Every movement of Judy's is perfect. Yet, Sidney says, she saw one run through of the scene before filming, and added some touches of her own in the one and only take. I've seen some beautiful long takes, such as in Harvey, but I've never seen anything like this. Be sure to watch the extras version of the song in stereo!

And then there were the stultifying long takes in High Society, where the actors' feet were nailed to the floor while the camera just stared at them. Borrring directing by Charles Walters. Here, Sidney does many long takes during musical numbers, but the camera moves around, panning from one actress to another as they do their little choreography. The camera work on the dance number Round and Round is amazing and beautiful. But during dialog, he uses shorter, static shots. The film holds your interest.

Garland had enormous talent as a singer and actress. Many early musicals were written for her, and before that in the 30s for Fred Astaire. It's hard to imagine the development of the Hollywood musical without Astaire and Garland, and later, Shirley Jones. Sidney talks about doing the original screen test of Judy, then Gumm.

Sidney explains how the title song was written. He told Harry Warren they needed a train song. Warren said, what's that? So Sidney tapped out a rhythm of train tracks clicking, and Warren instantly came up with the basic melody and rhythm, which, amazingly, just happens to fit "Atchison, Topeka and the Santa Fe" perfectly.

Frankly the train arrival, with its colorful costumes and catchy tune, is the highlight of the movie. And then Chill Wills kissing Marjorie Main is pretty funny. Things turn a bit awkward from there, of course. Angela Lansbury looks pretty hot. John Hodiak is no Clark Gable, but I think he does a good job of being a hybrid bad guy turned good guy.

This is basically a pleasant enough film, which is interesting in its place in the history of the development of the musical. In the 30s, most musicals were modified revues, or had a role for a musician or dancer such as Fred Astaire to make the musical numbers plausible. The Wizard of Oz in 1939 may have been the first to drop that pretense, and also starred Garland, of course. (The first true modern musical was Snow White in 1937, but it is animated.)

George Sidney's Anchors Aweigh was another, and came out shortly before The Harvey Girls; he later directed several other early musicals, including another Western Annie Get Your Gun in 1950, and the remake of Showboat, a sort of prototype of the modern musical, in 1951. And then there were Kiss Me Kate, Viva Las Vegas and Bye Bye Birdie, so Sidney helped shape the modern musical, and this was one of his first works.

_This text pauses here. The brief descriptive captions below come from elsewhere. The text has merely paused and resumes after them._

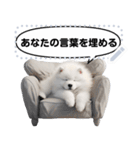 Message Stickers (Samoyed Dogs) JP（個別スタンプ：24）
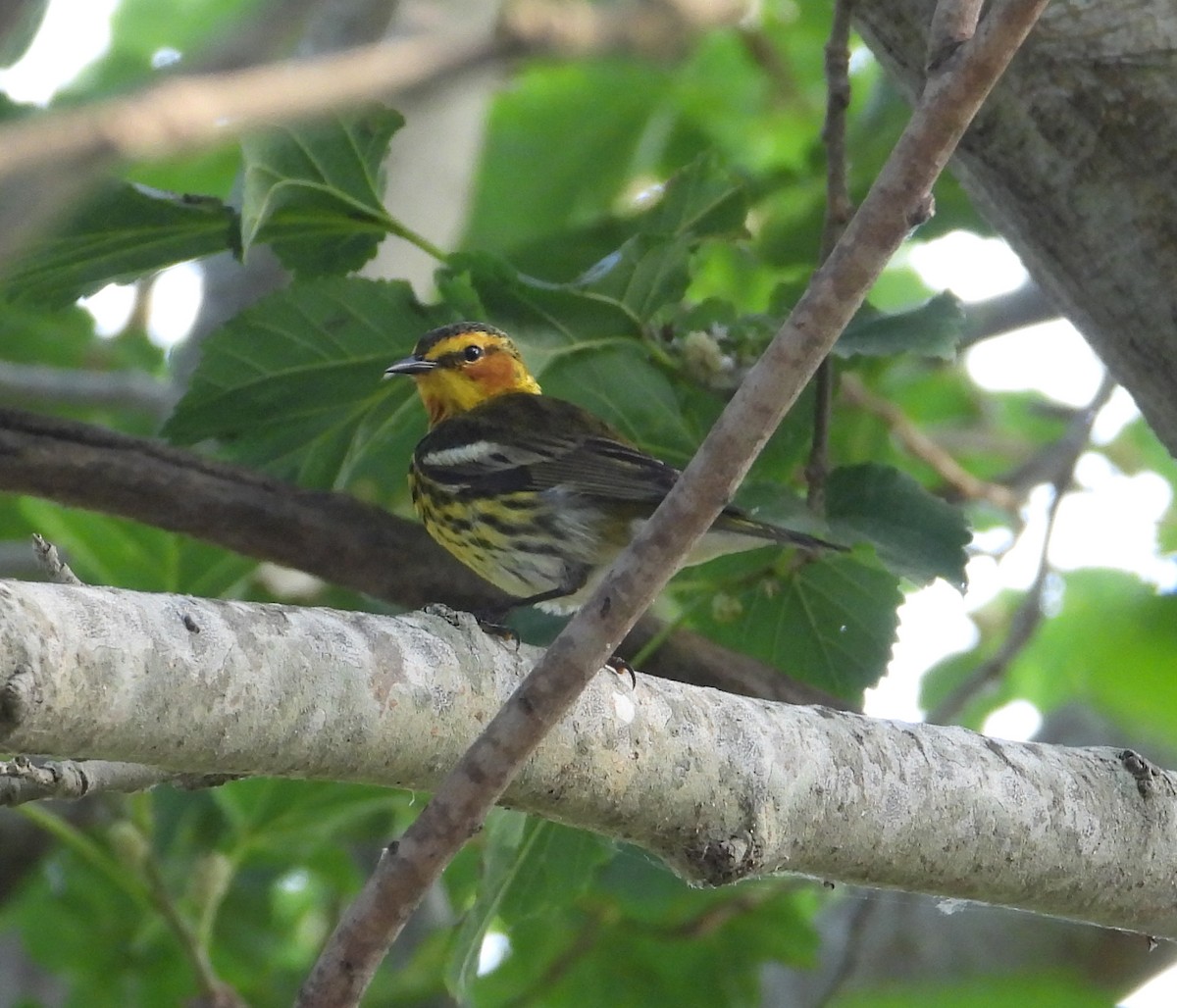 Cape May Warbler - ML619513012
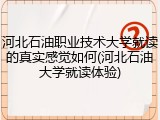 河北石油职业技术大学就读的真实感觉如何(河北石油大学就读体验)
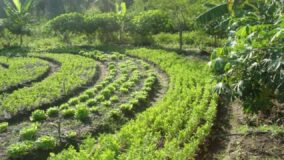 Agroflorestas Urbanas recuperam áreas verdes em Belo Horizonte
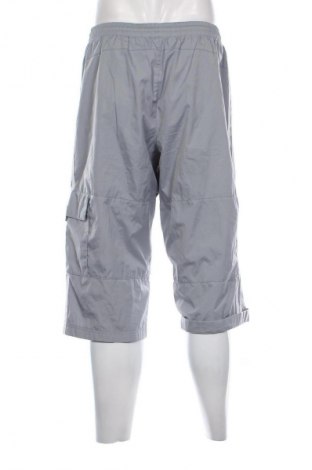 Pánské kraťasy Adidas, Velikost L, Barva Šedá, Cena  599,00 Kč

The Broadway version of Oklahoma! opened in 1943, but The Harvey Girls was the first movie musical Western, as Oklahoma! didn't come to the screen until 1955. The Harvey Girls didn't begin life as a musical; it was originally written to be a Western starring Clark Gable, but it stalled, so the music wasn't as well integrated as some later musicals. But I think changing it to a musical was the right move, given the story was a bit light.

Some reviewers here rant about the weak story line, but it is no where near as pathetic as Meet Me in St. Louis, which is a bare bones skeleton of a story. The modern musical combining strong story with music and dance that is not on stage was yet to come; this was an early stab, but, yes, the story is a bit weak, but not as bad as some say.

What makes the movie especially interesting is that there really were Harvey Houses and Harvey Girls, and they were the grand-daddy prototype of all modern chain-franchise restaurants. They were created as a national chain with a uniform reputation so train travelers could have a place to eat and sleep they knew would be good, unlike some earlier establishments that took advantage of travelers to gouge them with poor quality. Some eateries would serve food too hot to eat, knowing the traveler would have to leave on the train's schedule, before it cooled down (it was then recycled).

The Harvey Houses also brought a degree of civilization to the West; the conflict with the dance hall girls is not only credible, but was symbolic of the changes that were taking place.

Listen to Sidney's fascinating commentary. He mentions that FDR died during the shooting, and they had to suspend shooting for several days. Then they had to stop shooting for a few weeks when John Hodiak caught the measles. He also talks a lot about the history of the Hollywood studio system, including what happened the time he asked MGM as a director how much his movie was costing. They never told him.

Near the end he talks about whether he would remake The Harvey Girls:

"You should never remake a successful picture. The only picture you should remake is an unsuccessful picture. Because so many times when you see people and good picture makers remake a successful picture and they say, 'I've got to change it a little bit,' it doesn't quite work. So it's better to leave it alone."

He got that right!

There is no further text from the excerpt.